**Information provided:**
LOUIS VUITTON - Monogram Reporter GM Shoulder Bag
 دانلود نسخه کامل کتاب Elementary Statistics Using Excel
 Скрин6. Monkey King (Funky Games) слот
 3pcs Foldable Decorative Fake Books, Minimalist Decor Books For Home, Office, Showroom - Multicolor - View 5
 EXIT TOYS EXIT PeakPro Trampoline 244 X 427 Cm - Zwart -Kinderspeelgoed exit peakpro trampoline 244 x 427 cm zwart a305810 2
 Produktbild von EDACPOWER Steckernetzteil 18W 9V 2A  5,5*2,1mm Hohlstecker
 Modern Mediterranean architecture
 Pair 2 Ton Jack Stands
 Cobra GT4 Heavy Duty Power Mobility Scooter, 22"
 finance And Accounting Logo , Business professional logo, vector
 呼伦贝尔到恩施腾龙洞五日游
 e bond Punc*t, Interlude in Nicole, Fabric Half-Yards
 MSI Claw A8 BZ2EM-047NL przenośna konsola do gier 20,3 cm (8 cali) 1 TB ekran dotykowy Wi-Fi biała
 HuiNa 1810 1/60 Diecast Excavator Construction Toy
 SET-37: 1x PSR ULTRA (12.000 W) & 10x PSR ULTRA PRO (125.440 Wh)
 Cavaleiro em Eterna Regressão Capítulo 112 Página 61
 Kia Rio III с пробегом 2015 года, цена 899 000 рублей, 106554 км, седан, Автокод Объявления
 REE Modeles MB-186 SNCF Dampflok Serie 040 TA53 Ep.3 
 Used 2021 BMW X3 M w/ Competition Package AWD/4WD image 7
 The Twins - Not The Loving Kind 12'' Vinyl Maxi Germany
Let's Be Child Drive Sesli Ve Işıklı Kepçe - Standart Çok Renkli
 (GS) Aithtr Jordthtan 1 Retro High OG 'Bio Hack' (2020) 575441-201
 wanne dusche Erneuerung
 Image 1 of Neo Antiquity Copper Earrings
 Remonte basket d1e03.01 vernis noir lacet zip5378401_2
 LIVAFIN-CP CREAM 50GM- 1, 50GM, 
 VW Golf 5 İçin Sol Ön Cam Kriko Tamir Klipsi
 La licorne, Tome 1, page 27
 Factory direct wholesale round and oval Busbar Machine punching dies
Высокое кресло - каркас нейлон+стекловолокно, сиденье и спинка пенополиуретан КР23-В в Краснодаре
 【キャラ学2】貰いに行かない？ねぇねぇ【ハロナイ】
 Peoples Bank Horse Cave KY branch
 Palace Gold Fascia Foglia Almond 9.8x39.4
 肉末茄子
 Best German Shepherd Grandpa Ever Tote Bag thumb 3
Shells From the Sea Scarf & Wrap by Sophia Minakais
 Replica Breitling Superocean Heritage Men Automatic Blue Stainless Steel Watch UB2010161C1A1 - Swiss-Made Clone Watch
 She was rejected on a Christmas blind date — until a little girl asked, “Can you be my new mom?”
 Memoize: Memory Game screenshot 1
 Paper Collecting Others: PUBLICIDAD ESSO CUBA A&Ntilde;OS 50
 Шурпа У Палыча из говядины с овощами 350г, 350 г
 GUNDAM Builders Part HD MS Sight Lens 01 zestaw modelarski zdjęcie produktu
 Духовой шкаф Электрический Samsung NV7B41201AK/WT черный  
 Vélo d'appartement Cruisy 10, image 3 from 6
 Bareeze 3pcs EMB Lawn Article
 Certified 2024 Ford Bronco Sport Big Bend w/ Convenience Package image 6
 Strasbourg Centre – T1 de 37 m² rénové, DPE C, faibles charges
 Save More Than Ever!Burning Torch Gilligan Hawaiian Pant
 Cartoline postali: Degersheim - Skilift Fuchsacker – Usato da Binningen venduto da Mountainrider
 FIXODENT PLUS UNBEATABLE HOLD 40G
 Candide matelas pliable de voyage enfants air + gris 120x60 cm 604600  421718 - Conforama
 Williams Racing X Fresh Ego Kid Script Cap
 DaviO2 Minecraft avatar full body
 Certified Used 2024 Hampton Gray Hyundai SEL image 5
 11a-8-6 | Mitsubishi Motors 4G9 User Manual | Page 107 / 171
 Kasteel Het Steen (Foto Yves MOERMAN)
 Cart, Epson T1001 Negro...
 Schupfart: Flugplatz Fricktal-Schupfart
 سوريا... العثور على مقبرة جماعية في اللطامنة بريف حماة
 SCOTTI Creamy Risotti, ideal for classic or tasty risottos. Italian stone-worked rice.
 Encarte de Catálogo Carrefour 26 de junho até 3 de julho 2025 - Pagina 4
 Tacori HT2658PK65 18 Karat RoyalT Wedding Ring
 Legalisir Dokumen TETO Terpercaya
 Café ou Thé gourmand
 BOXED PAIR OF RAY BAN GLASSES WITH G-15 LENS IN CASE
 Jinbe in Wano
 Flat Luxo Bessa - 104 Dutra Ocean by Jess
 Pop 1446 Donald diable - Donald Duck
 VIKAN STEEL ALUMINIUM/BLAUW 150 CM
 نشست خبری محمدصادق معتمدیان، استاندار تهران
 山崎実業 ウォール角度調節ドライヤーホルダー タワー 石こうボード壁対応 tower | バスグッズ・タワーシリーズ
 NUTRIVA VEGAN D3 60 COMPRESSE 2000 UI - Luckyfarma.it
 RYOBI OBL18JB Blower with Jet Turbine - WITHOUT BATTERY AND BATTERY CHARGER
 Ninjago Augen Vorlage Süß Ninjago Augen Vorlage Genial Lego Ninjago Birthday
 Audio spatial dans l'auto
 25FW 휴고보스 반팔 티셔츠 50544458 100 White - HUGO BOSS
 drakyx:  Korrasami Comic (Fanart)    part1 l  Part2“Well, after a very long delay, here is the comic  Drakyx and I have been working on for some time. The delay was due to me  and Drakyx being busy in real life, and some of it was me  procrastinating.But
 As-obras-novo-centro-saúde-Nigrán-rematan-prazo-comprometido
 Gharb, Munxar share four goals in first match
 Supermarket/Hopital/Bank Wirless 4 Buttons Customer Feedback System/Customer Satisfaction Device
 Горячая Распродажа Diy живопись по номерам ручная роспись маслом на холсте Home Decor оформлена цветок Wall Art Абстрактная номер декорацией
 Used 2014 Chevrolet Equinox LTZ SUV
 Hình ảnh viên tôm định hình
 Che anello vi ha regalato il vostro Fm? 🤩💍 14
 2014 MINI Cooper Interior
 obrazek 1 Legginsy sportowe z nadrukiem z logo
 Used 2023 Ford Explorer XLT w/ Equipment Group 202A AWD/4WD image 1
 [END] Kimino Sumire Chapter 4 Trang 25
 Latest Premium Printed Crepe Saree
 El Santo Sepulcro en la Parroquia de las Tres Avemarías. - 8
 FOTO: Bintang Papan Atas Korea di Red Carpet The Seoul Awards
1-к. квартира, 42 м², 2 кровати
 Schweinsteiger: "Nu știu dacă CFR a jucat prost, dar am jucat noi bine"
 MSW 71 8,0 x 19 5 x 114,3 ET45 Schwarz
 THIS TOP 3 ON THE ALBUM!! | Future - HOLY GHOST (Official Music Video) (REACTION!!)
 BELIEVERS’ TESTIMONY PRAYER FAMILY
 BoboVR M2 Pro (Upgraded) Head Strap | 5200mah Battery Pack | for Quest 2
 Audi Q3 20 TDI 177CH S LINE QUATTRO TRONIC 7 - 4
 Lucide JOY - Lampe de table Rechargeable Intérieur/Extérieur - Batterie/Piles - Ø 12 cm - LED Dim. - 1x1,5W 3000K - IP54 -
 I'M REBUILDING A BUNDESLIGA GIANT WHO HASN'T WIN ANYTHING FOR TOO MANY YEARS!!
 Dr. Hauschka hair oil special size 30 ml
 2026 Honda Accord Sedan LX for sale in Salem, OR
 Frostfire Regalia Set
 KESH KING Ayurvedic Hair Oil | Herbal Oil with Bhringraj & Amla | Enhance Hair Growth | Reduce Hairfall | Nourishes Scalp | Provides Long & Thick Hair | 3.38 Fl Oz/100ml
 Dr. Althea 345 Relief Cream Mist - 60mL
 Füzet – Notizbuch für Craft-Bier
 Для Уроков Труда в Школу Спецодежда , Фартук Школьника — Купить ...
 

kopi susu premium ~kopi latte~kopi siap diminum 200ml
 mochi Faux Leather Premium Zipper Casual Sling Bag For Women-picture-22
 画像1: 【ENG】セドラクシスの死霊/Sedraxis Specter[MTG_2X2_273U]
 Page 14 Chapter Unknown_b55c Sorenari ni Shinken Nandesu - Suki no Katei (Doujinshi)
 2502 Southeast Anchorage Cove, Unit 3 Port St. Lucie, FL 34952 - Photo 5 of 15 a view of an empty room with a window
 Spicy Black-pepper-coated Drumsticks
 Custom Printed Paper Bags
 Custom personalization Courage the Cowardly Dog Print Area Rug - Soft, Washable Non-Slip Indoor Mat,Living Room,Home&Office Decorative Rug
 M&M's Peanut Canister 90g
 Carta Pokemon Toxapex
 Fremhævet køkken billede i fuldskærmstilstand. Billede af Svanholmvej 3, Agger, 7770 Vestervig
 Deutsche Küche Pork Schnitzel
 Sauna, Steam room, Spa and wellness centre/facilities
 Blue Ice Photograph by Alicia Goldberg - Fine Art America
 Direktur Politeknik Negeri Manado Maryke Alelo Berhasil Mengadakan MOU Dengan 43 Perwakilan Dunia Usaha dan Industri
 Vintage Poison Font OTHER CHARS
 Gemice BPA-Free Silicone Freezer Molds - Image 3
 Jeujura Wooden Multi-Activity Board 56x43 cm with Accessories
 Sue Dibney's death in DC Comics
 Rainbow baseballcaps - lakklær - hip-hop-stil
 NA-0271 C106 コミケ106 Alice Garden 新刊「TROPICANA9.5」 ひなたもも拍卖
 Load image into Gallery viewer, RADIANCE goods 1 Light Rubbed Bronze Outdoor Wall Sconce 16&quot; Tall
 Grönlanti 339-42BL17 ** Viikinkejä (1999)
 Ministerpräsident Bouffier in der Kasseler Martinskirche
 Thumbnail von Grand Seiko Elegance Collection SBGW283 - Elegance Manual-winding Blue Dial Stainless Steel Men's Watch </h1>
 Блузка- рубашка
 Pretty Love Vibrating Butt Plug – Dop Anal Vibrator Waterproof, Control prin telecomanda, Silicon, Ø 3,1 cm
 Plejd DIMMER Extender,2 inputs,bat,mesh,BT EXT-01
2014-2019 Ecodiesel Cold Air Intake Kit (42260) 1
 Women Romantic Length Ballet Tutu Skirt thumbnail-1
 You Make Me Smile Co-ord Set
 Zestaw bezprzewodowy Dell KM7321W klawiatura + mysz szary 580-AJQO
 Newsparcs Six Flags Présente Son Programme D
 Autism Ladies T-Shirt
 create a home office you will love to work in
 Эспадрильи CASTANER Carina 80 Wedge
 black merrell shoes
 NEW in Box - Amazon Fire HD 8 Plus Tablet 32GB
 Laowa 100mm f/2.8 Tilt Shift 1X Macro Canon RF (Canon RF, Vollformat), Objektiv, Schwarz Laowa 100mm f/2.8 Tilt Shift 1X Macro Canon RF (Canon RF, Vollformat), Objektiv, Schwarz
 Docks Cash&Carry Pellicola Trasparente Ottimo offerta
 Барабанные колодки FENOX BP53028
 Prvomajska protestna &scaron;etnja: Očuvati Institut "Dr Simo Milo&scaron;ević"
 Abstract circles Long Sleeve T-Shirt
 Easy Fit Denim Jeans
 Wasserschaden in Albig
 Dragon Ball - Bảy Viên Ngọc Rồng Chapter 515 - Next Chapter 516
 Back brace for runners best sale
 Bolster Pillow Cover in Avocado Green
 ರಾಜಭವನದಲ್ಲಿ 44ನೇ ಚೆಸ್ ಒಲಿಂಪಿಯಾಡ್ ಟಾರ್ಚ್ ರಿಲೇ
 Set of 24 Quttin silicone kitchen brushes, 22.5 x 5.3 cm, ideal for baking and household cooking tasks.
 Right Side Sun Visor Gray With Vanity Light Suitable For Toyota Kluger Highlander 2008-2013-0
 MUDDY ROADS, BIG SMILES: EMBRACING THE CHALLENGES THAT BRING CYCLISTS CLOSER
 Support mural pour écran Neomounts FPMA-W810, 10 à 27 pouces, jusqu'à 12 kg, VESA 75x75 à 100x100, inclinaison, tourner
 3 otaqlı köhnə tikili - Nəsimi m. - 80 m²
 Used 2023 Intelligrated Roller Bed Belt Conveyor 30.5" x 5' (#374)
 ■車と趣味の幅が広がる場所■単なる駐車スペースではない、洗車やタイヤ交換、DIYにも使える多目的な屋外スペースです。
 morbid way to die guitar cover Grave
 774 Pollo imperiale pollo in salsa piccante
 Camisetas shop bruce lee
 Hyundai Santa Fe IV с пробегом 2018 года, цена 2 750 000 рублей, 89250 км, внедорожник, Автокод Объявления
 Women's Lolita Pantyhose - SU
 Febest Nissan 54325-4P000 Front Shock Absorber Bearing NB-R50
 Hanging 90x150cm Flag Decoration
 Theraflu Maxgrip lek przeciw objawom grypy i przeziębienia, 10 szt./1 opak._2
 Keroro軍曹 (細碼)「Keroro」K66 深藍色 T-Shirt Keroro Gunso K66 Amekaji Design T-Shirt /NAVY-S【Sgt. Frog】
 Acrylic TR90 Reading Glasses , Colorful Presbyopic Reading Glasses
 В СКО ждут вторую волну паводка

**What is being asked:**
Taking the lines above, repeat exactly those from the line that contains "Füzet – Notizbuch für Craft-Bier" through the line that contains "Rainbow baseballcaps - lakklær", and both of those lines as well. Include nothing else.

**Answer section:**
 Füzet – Notizbuch für Craft-Bier
 Для Уроков Труда в Школу Спецодежда , Фартук Школьника — Купить ...
 

kopi susu premium ~kopi latte~kopi siap diminum 200ml
 mochi Faux Leather Premium Zipper Casual Sling Bag For Women-picture-22
 画像1: 【ENG】セドラクシスの死霊/Sedraxis Specter[MTG_2X2_273U]
 Page 14 Chapter Unknown_b55c Sorenari ni Shinken Nandesu - Suki no Katei (Doujinshi)
 2502 Southeast Anchorage Cove, Unit 3 Port St. Lucie, FL 34952 - Photo 5 of 15 a view of an empty room with a window
 Spicy Black-pepper-coated Drumsticks
 Custom Printed Paper Bags
 Custom personalization Courage the Cowardly Dog Print Area Rug - Soft, Washable Non-Slip Indoor Mat,Living Room,Home&Office Decorative Rug
 M&M's Peanut Canister 90g
 Carta Pokemon Toxapex
 Fremhævet køkken billede i fuldskærmstilstand. Billede af Svanholmvej 3, Agger, 7770 Vestervig
 Deutsche Küche Pork Schnitzel
 Sauna, Steam room, Spa and wellness centre/facilities
 Blue Ice Photograph by Alicia Goldberg - Fine Art America
 Direktur Politeknik Negeri Manado Maryke Alelo Berhasil Mengadakan MOU Dengan 43 Perwakilan Dunia Usaha dan Industri
 Vintage Poison Font OTHER CHARS
 Gemice BPA-Free Silicone Freezer Molds - Image 3
 Jeujura Wooden Multi-Activity Board 56x43 cm with Accessories
 Sue Dibney's death in DC Comics
 Rainbow baseballcaps - lakklær - hip-hop-stil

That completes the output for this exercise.